Yes, even for the Tigers. (But not really.)
DOMINATE YOUR DRAFT: Ultimate 2020 Fantasy Baseball Cheat Sheet
Fantasy Baseball Sleepers: One from every team
Position eligibility based on Yahoo’s default settings (10 games played or 5 games started)
Angels: Jo Adell, OF: The 20-year-old slugger ascended to Triple-A last season and figures to be in the majors at some point early this season. His career .298/.361/.518 minor league line is even more impressive when you factor in his age, and he has a little bit of a speed with 30 career steals. Brian Goodwin likely isn’t the long-term answer in right field for the Angels, so Adell is worth drafting.
Astros: Kyle Tucker, OF. Tucker hit 34 HRs and stole 30 bases in 125 games at Triple-A last year and added another four homers and five steals in 22 major league games. He’s proven just about everything he can in the minors, and all he needs is an everyday job to break out in the majors. Heading into the season, he’s slated to share the right field job with Josh Reddick, but Tucker could eventually take over with a hot start. He’ll also be first in line for at-bats if injuries strike someone like Yuli Gurriel, Yordan Alvarez, or Michael Brantley. One way or another, there’s a good chance Tucker sees significant at-bats this year, and if he does, he’ll outproduce his average draft position. Houston also has a host of young pitchers (Jose Urquidy, Josh James, Forrest Whitley) who could easily break out if they stick in the rotation.
A’s: Sean Murphy, C. Murphy is everyone’s favorite sleeper catcher this season after he hit .308/.386/.625 in Triple-A and totaled 14 HRs in 51 games between Triple-A and the majors last year.
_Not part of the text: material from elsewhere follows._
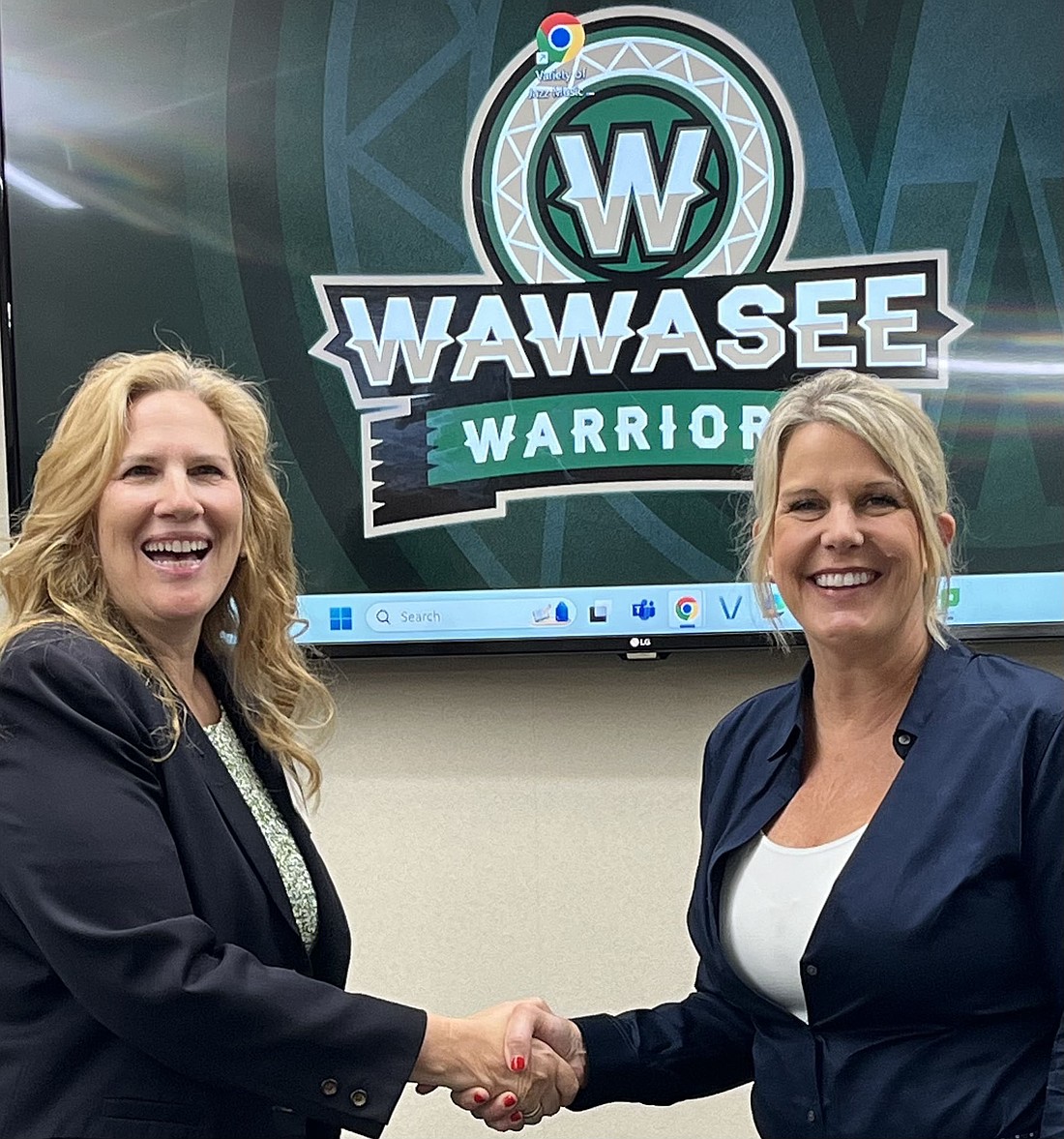 Pictured (L to R) are DeeAnna Muraski, executive director, Operation Read; and Karen Brock, principal, Syracuse Elementary School. Photo Provided.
The 25-year-old backstop figures to start four or five games a week, so it’s easy to see why everyone is excited about his prospects. We’ll issue the obligatory “be careful with rookie catchers” warning, but Murphy takes enough walks and hits for enough power that he should post at least semi-decent numbers. He’ll also be catching for some of Oakland’s other top sleeper candidates, pitchers Jesus Luzardo and A.J. Puk.
Blue Jays: Teoscar Hernandez, OF. Hernandez broke out in the second half last season, clubbing 18 HRs over 60 games and finishing with 26 for the season (122 games). He has some playing time concerns heading into this year, but assuming he gets everyday at-bats, the 27-year-old righty will be a cheap source of power who can also swipe a few bases. His average figures to hurt more than help, but he still has plenty of offensive upside. The same can be said for other undervalued Toronto sluggers Lourdes Gurriel Jr. and Rowdy Tellez.
Braves: Will Smith, RP. The Braves have several relievers with closer experience in their bullpen, but Smith is arguably the best of the bunch. He’ll likely open the year as the primary setup man for Mark Melancon, but given the fact Melancon hasn’t been a full-time closer since 2016, Smith could find himself in the ninth-inning role at some point. He excelled in that position for the Giants last year, converting 34 saves with a 2.76/1.03 line and 13.2 K/9 ratio. Those types of peripherals gives Smith value even if he’s not closing, and he’s a great speculative add on the chance he eventually takes over in the ninth.
Brewers: Luis Urias, 2B/SS. Urias struggled in his 83 big-league games with the Padres, hitting just .221 with six homers and a steal. But at just 22, his best years are yet to come. He’s going to be helped this season by playing in a hitter-friendly park, and he showed what he can do in better hitting environments last year at Triple-A (.315/.398/.600 with 19 HRs and seven SBs in 73 games). The tools are there for Urias to make good on his top-prospect status this year. Avisail Garcia is also worth watching on the chance he gets everyday at-bats.
Cardinals: Tyler O’Neill, OF. O’Neill is a proven slugger at the minor league level (140 HRs over 566 games), and he’s popped 14 HRs in two 60-game stints in the majors the past two seasons. The 24-year-old righty is in position to have an everyday job as the Cardinals’ left fielder to open the year, and if he does, he has major power and run-producing upside.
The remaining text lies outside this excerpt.